Homélie des Rameaux – dimanche 29 mars 2026
Cathédrale de Vannes
La foule est versatile !
Ce dimanche, nous avons chanté : Lauda Jérusalem ! C'est le chant de la foule le jour des Rameaux, et vendredi prochain, jour de la Crucifixion, nous entendrons le cri de cette même foule : "Mort à cet homme !"
À quelques jours d'intervalle, les mêmes personnes ont fait un accueil triomphal à Jésus, et 5 jours plus tard, elles ont crié leur haine. C'est vrai !
Mais en rester là, c'est entretenir en nous des sentiments de résignation : « C'est comme ça, on n'y peut rien ! »
En rester là, c'est surtout passer à côté de la grâce de ce jour des Rameaux.
Oui, ce jour-là, la foule acclame, elle loue et elle chante : « Béni soit celui qui vient au nom du Seigneur, Hosanna au Fils de David », c'est-à-dire : sauve-nous, toi, qui es le Sauveur, le Messie de Dieu. Leur cri est un vrai cri, leur chant est un vrai chant, leur espérance est une vraie espérance.
Mais, ne nous berçons pas d’illusion pour autant.
Nous sommes toujours un peu comme la foule de Jérusalem qui acclame Jésus avec des rameaux, et qui, quelques jours plus tard, l’abandonne sur la croix.

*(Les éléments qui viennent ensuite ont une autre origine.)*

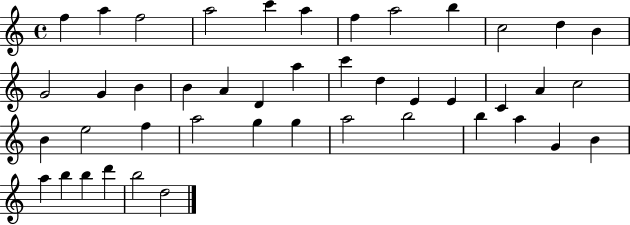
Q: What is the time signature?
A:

Reconnaissons-le, certains jours nous sommes « tout feu tout flamme », sûrs et certains que Jésus est notre maître intérieur, notre ami, notre confident, et d’autres jours, nous plongeons dans une indifférence lâche… Parce que nous sommes faibles dans nos convictions face aux vociférations du plus grand nombre, et parce que nous sommes trop souvent incohérents dans nos paroles et dans nos actes.
Mais il y a, en nous, bien plus fort que nos faiblesses, c’est l’Esprit Saint, le Consolateur. Et c’est pourquoi à chaque Eucharistie, nous osons chanter notre espérance avec les anges et toutes les puissances d’en haut « Béni soit celui qui vient nous sauver, hosanna au plus haut des cieux ! » (Cf : Sanctus)
Alors demandons au Père de miséricorde « de ne pas nous laisser entrer en tentation » et de nous tenir la main lorsque l’épreuve nous assaille.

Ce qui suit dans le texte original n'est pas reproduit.